Integra
Em meio as tragédias e da violência bem palpáveis das noticias de jornal, uma especial me chamou a atenção, talvez pela ligação afetiva com a beleza dessas flores, e dava conta da ameaça de sua floração em virtude das mudanças climáticas – os ipês.
Gosto de todas as suas flores- as roxas, que durante muito tempo sofreram as consequências da ênfase exagerada e comercial dos benefícios medicinais do seu chá milagroso, - as amarelas, minhas prediletas (uma vez, quando eu era apenas um garoto, uma professora substituta linda desenhou a árvore na lousa, e desde então fiquei fascinado na observação de suas floradas na natureza), - passando pelas rosas, - até chegar nas mais raras, as brancas, últimas a mostrar sua beleza.
Tendo em vista o tom vibrante de suas flores, e também por estar presente em todas as regiões do país, o ipê amarelo é considerado a árvore e a flor símbolo do Brasil, e isso foi oficializado por decreto do então presidente Jânio Quadros. O mesmo Jânio decretou, quando prefeito de São Paulo a Azaleia como a flor símbolo da cidade.
Ambas são conhecidas por floradas generosas e coloridas.
Pois a floração dos ipês e das azaleias, apesar destas últimas serem consideradas muito resistentes, ocupando jardins ensolarados, está ameaçada pelas mudanças climáticas.
Insensível, este fenômeno, de nossa responsabilidade, não se comove nem com a beleza. Os ipês nos preparam para a primavera e o caráter efêmero de suas floradas nos alertam para que a vida e a beleza sejam aproveitas em plenitude enquanto durarem, como o amor, na visão Vinicius de Morais.
Ultimamente o aparecimento das flores não coincide com o desfolhamento das árvores, o que reduz a sua beleza cênica, o período de floração vem sendo antecipado e sua duração está ficando cada vez mais curta, fatos que venho observando nos últimos anos.
E as pesquisas apontam também nesse sentido, e dão conta que as mudanças no clima têm afetado a reprodução dos ipês. Segundo elas, “o aumento da temperatura induz ao florescimento mais cedo, e nos últimos anos temos observado o adiantamento do início do florescimento em até dois meses em relação à normalidade”.
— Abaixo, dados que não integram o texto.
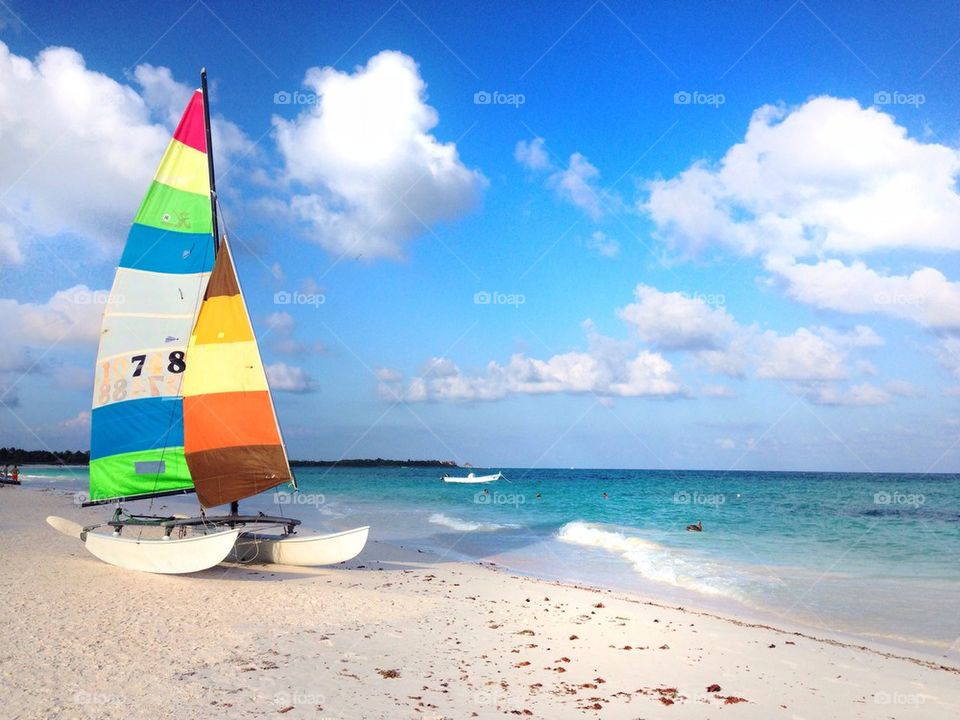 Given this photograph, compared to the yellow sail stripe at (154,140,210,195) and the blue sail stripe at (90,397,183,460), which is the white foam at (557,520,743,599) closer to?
the blue sail stripe at (90,397,183,460)

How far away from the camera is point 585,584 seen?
1451 cm

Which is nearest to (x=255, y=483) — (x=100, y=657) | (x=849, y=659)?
(x=100, y=657)

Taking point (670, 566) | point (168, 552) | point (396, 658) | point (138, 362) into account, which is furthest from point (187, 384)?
point (670, 566)

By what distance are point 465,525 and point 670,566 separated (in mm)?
11551

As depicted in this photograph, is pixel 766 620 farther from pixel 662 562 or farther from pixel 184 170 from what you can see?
pixel 184 170

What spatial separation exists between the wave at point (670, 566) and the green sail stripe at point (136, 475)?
10.9 m

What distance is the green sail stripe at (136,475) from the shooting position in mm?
13938

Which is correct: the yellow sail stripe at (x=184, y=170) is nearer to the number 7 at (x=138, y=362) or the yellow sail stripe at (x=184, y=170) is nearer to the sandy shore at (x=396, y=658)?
the number 7 at (x=138, y=362)

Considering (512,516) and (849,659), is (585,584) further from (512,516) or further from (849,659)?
(512,516)

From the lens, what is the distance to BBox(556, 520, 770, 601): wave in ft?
48.3

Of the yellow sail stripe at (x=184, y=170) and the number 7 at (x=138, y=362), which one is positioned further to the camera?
the yellow sail stripe at (x=184, y=170)

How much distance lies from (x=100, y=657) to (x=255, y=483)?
250 inches

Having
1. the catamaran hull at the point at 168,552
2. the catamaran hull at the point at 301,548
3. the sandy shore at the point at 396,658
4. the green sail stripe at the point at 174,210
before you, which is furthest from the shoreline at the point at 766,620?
the green sail stripe at the point at 174,210

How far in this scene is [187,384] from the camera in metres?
13.2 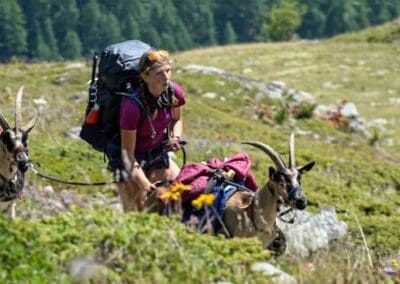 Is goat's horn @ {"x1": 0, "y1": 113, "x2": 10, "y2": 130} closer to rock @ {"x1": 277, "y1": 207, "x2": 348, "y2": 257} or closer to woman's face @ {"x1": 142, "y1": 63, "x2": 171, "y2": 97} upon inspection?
woman's face @ {"x1": 142, "y1": 63, "x2": 171, "y2": 97}

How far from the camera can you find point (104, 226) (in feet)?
21.3

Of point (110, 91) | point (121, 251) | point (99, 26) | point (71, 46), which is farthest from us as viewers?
point (99, 26)

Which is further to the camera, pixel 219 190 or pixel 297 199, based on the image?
pixel 219 190

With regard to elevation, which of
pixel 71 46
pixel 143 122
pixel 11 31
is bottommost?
pixel 71 46

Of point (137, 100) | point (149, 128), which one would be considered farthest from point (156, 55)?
point (149, 128)

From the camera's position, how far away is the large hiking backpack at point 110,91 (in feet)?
30.2

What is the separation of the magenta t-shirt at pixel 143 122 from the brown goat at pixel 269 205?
0.72 m

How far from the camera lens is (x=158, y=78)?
8.91 meters

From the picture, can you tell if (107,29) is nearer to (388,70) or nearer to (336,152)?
(388,70)

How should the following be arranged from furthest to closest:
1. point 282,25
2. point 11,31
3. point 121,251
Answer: point 11,31 < point 282,25 < point 121,251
"Se as chuvas forem ficando cada vez mais curtas, ocorrendo só entre dezembro e janeiro, por exemplo, a floração pode adiantar, porque a seca vai começar muito cedo", explica a professora Rosane Collevatti, do Instituto de Ciências Biológicas da Universidade Federal de Goiás (UFG) que vem participando de pesquisas nesse sentido.
Não é exagero dizer que para nós brasileiros, simbolicamente, a beleza dos ipês vem se equiparando ao que as cerejeiras despertam nos japoneses.
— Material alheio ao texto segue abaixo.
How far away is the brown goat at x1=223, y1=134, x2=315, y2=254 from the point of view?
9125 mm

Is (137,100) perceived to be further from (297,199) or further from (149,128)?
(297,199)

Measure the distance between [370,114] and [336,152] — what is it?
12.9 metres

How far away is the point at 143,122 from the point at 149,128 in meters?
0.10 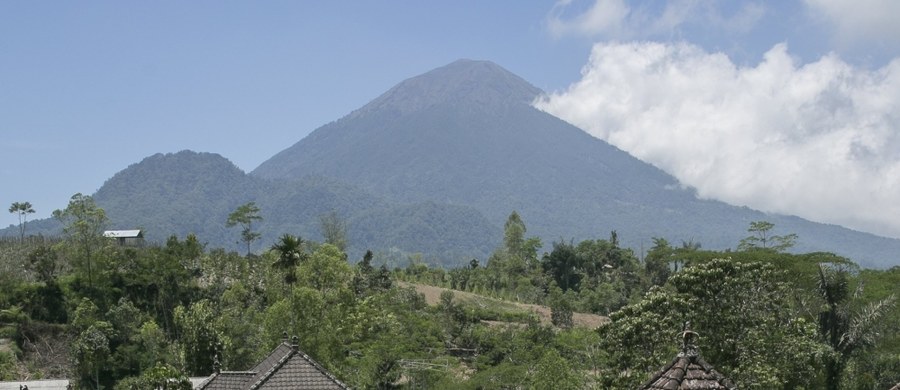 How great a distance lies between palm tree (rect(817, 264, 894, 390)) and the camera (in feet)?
140

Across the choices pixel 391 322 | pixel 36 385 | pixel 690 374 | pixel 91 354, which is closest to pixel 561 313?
pixel 391 322

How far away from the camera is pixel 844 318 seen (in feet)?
143

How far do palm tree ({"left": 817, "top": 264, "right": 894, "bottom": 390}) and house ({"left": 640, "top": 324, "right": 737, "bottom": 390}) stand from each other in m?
37.6

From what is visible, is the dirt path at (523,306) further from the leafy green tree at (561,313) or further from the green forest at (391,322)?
the green forest at (391,322)

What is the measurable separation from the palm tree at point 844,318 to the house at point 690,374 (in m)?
37.6

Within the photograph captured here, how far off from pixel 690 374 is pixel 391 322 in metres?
54.4

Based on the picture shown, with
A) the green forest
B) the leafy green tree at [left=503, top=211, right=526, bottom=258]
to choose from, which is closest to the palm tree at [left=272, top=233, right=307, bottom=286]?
the green forest

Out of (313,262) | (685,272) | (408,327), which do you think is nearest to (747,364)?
(685,272)

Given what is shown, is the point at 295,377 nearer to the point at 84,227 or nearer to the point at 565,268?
the point at 84,227

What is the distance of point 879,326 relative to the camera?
143 ft

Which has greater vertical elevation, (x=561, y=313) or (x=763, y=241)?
(x=763, y=241)

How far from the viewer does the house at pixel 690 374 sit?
7973 mm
Quando chegamos à Lua, Gilberto Gil compôs e a Elis Regina cantou lindamente, como sempre, a música “Lunik 9”, que convocava poetas, seresteiros e namorados, para cantarem o que seriam as derradeiras noites de luar, ante à ameaça da presença humana no nosso satélite. A ameaça não se concretizou, pelo menos por enquanto.
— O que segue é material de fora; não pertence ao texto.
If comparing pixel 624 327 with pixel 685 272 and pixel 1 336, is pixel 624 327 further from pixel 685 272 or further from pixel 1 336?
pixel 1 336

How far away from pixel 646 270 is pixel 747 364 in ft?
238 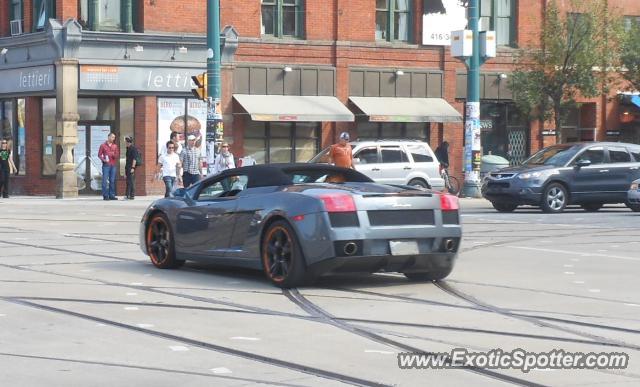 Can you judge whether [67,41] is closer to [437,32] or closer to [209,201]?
[437,32]

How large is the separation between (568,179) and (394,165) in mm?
5939

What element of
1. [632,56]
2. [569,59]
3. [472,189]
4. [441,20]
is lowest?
[472,189]

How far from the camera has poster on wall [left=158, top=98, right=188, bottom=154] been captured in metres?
37.9

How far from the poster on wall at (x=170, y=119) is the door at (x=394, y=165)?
778 centimetres

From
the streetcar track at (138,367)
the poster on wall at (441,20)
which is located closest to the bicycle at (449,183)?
the poster on wall at (441,20)

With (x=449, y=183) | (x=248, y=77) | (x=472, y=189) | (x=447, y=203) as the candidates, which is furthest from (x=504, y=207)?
(x=447, y=203)

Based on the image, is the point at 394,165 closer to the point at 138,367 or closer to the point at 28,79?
the point at 28,79

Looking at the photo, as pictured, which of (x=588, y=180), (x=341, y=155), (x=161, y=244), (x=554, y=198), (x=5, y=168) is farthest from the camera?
(x=5, y=168)

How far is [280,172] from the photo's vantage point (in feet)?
45.2

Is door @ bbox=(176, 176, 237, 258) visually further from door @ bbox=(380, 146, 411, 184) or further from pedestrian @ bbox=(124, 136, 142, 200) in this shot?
pedestrian @ bbox=(124, 136, 142, 200)

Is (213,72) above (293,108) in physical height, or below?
above

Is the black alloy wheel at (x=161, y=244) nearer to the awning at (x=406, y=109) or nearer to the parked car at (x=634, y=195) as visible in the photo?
the parked car at (x=634, y=195)

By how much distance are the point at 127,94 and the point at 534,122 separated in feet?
47.1

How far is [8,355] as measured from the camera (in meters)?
8.84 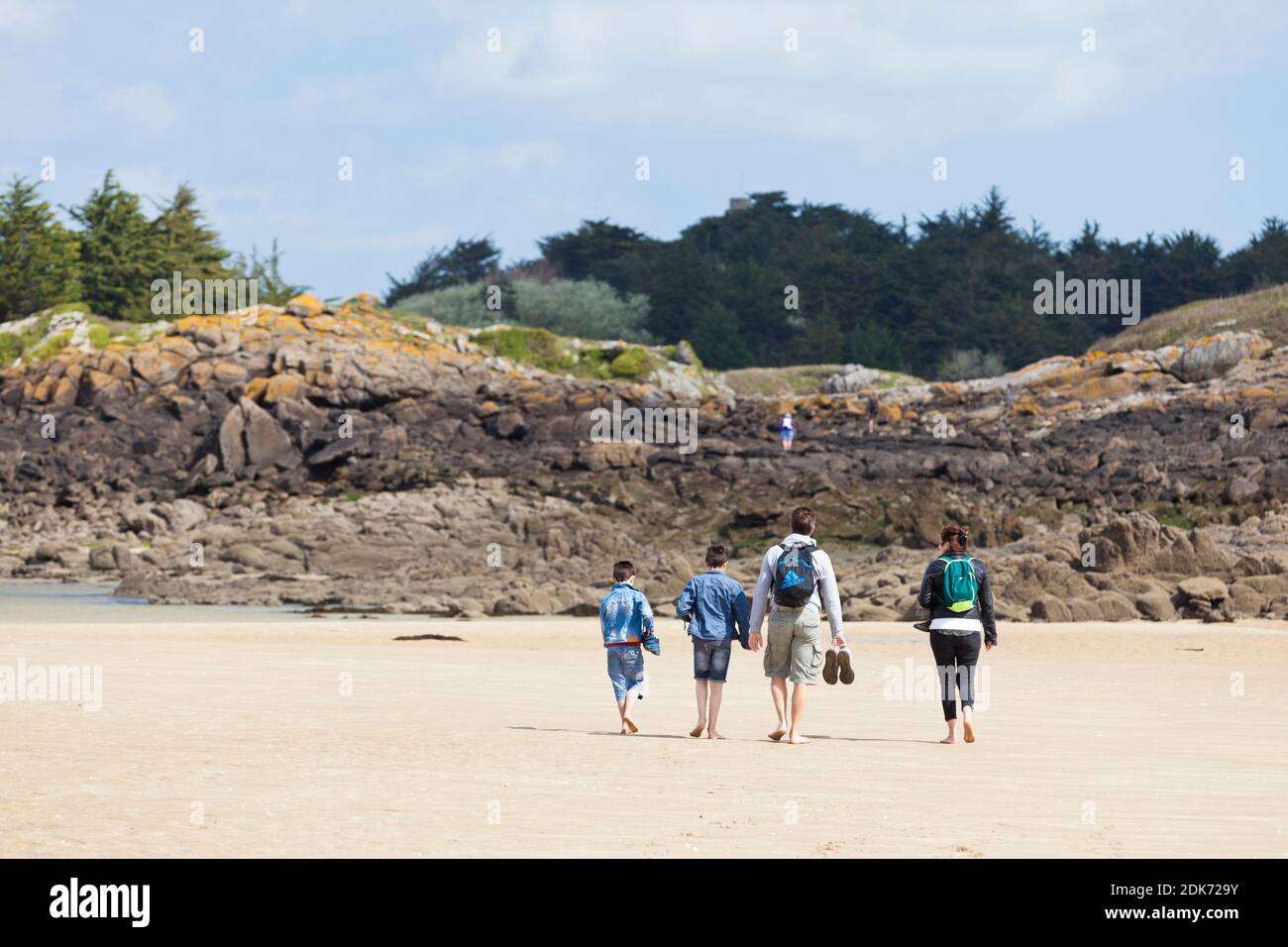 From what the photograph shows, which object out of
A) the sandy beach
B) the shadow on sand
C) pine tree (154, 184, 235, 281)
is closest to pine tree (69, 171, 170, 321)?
pine tree (154, 184, 235, 281)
Agora a mesma presença humana, desmedida, ameaça até as flores do ipê.
Talvez a crueza das catástrofes, com enchentes, derretimento de geleiras, tempestades, furações e tsunamis, soterramentos, eliminação de vidas humanas, e da fauna e flora, não seja suficiente para aflorar a conscientização do nosso papel para minimização das mudanças climáticas. Mas, a beleza das flores e sua fragilidade pode nos despertar para isso. Pelo menos é o que espero, apesar de não acreditar na valorização de bens que não sejam prontamente utilitários.
Vale a torcida, e o engajamento de todos.